**Records to use:**
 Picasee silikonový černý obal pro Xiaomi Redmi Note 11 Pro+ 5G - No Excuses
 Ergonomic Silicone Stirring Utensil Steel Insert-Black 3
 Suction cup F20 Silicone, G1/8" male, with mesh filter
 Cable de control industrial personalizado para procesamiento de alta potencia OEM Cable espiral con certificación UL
==
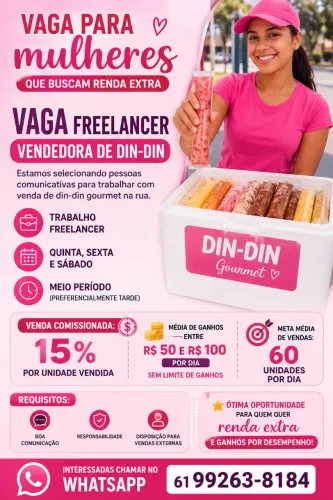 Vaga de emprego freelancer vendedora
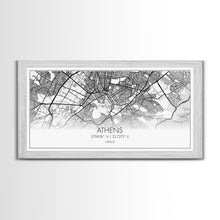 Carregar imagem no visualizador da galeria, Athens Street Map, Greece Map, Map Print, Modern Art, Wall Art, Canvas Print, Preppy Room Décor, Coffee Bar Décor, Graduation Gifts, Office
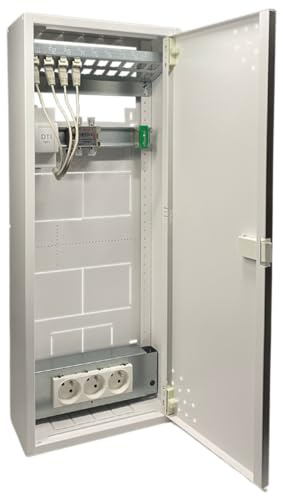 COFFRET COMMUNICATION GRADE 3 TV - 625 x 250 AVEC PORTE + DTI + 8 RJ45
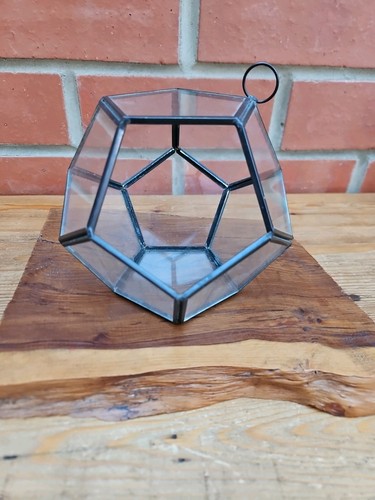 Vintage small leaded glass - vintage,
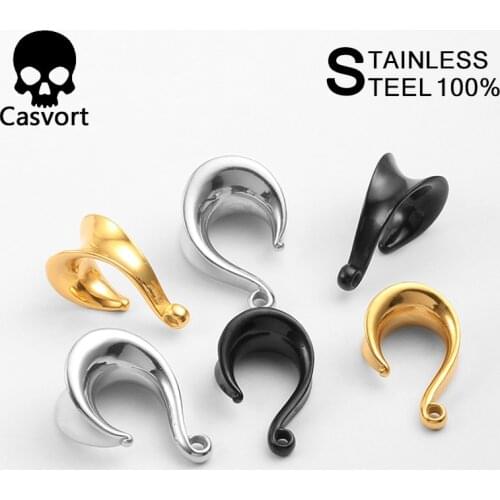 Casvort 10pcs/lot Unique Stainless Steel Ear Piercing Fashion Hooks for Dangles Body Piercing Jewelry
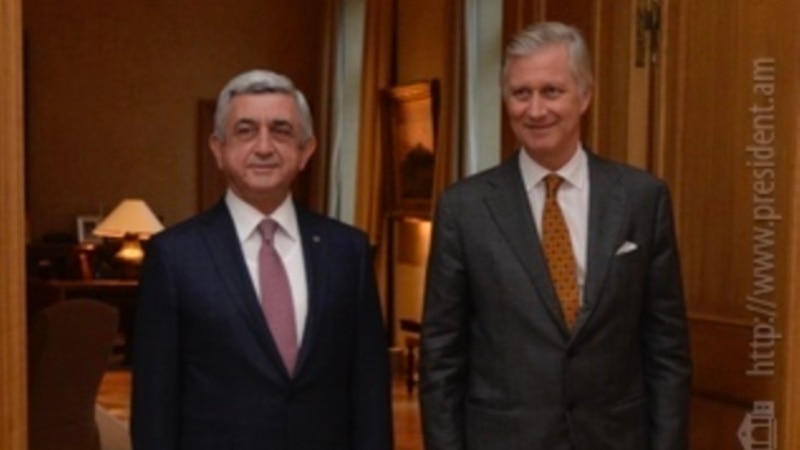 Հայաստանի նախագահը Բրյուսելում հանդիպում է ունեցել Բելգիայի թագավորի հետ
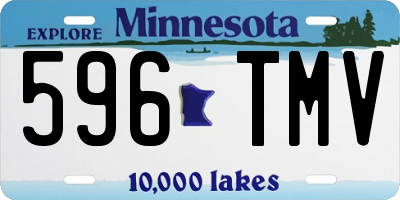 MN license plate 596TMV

**Task objective:** The lines above from the one containing "Suction cup F20" through the one containing "Cable de control" are to be set down exactly, and no others.

**Result for this exercise:**
 Suction cup F20 Silicone, G1/8" male, with mesh filter
 Cable de control industrial personalizado para procesamiento de alta potencia OEM Cable espiral con certificación UL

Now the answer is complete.